→ Recorded data
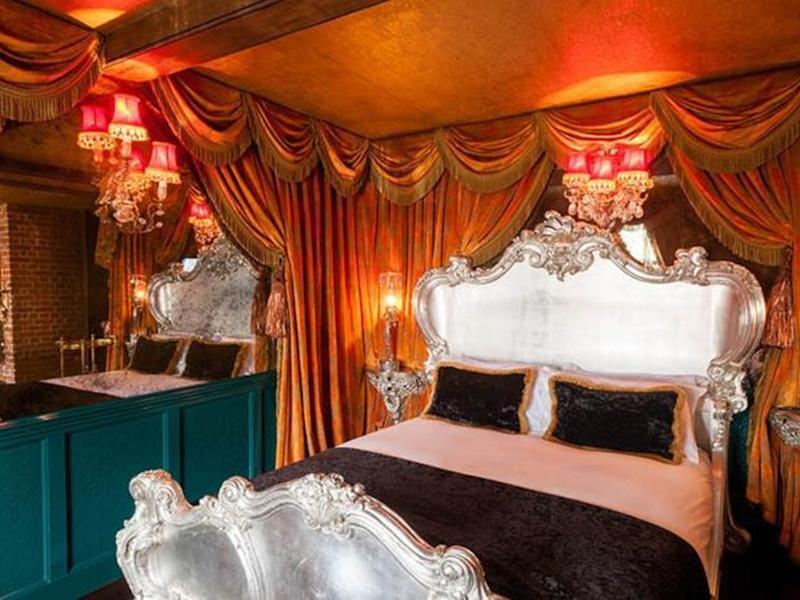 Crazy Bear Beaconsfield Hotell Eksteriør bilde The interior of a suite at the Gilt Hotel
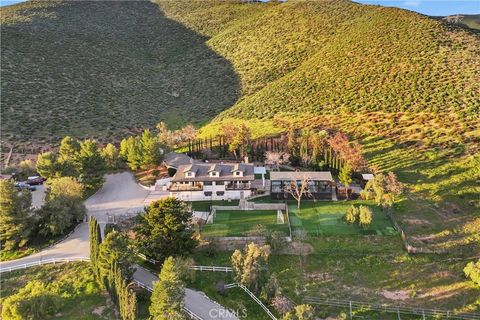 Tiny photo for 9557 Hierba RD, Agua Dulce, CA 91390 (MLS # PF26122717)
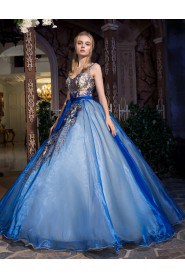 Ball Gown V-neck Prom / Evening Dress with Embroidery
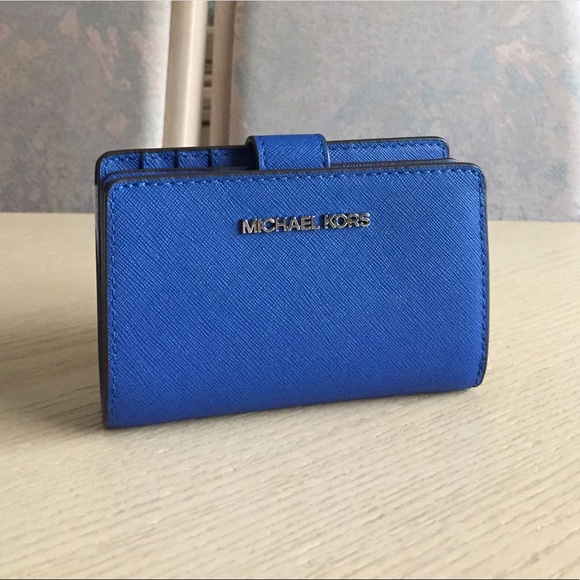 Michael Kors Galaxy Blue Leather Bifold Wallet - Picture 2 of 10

→ Your objective
With pictures excluded, the data must be transcribed in full and to the letter.

→ Your response
 Crazy Bear Beaconsfield Hotell Eksteriør bilde The interior of a suite at the Gilt Hotel
 Tiny photo for 9557 Hierba RD, Agua Dulce, CA 91390 (MLS # PF26122717)
 Ball Gown V-neck Prom / Evening Dress with Embroidery
 Michael Kors Galaxy Blue Leather Bifold Wallet - Picture 2 of 10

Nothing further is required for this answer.